February 15, 2013 in Introduction

Introducing Benthos

AWMC is pleased to introduce a beta version of Benthos: Digital Atlas of Ancient Waters; at present this project is in its most preliminary changes, but as always AWMC welcomes feedback from the community.

Aims

Benthos is a new initiative of the Ancient World Mapping Center that aims to catalog and map the waters of the ancient Mediterranean basin. As conceived, the project will incorporate physical landscape data for the ocean floor, coastlines, ports, as well as data for important rivers, estuaries, and coastal lagoons. It is also conceptually possible to incorporate digital models for both ocean current and prevailing wind patterns (e.g. the U.S. Wind map).

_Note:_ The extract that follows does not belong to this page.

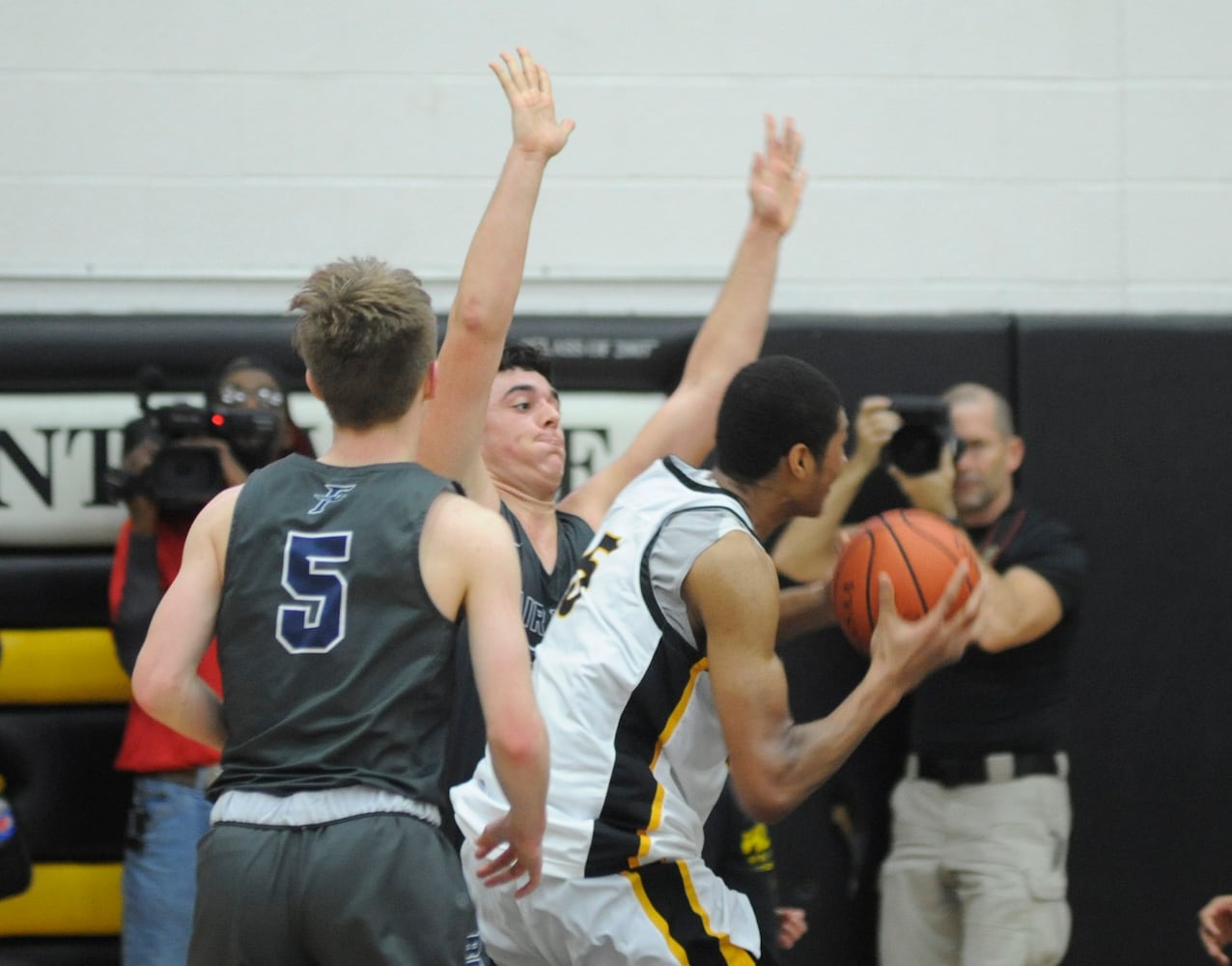 PHOTOS: Fairmont at Centerville, boys basketball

In terms of cultural and historical information, Benthos aims to employ accurate historical geography (derived from the Barrington Atlas and the Pleiades Project) to identify ports and other relevant sites, as well as to seek out archaeological information for the location of ancient shipwrecks. Mapping these wrecks, and their cargoes, relates to an underlying interest in patterns of travel and communication in the ancient world. Currently the project is in a preliminary state, with a functional beta version of the application based off of Antiquity À-la-carte.

Data

At present the Benthos data set includes shipwreck and cargo data derived from A. J Parker (1992) Ancient shipwrecks of the Mediterranean & the Roman provinces. and a set of ancient port data curated by Arthur De Graauw. Parker’s coordinates for wreck sites have been incorporated here, along with the published inventories of ships’ cargo. In order to demonstrate the potential of network mapping, for some mainstream Roman pottery classes we have added place identifiers (employing Pleiades id numbers) for likely cargo sources. The correlation of these three spheres – site of shipwreck, location of ports, and network mapping of cargo origins has the potential to reveal patterns that will prove to be of great interest for studies of both the Mediterranean economy and patterns of travel and transportation. The Benthos platform is designed in such a way as to be able to incorporate other cognate data sets; the more precise data that can be mounted in the application, the more revelatory the results could prove to be. In addition, the Benthos project is deigned from the beginning to interface with other ancient world linked data projects (e.g. PleiadesPelagios, and ORBIS) and will be integrated into the AWMC API to facilitate easy data exchange. The project is fully open source and is released completely free of charge for any non-commercial use under the Creative Commons Attribution-NonCommercial 3.0 Unported (CC BY-NC 3.0).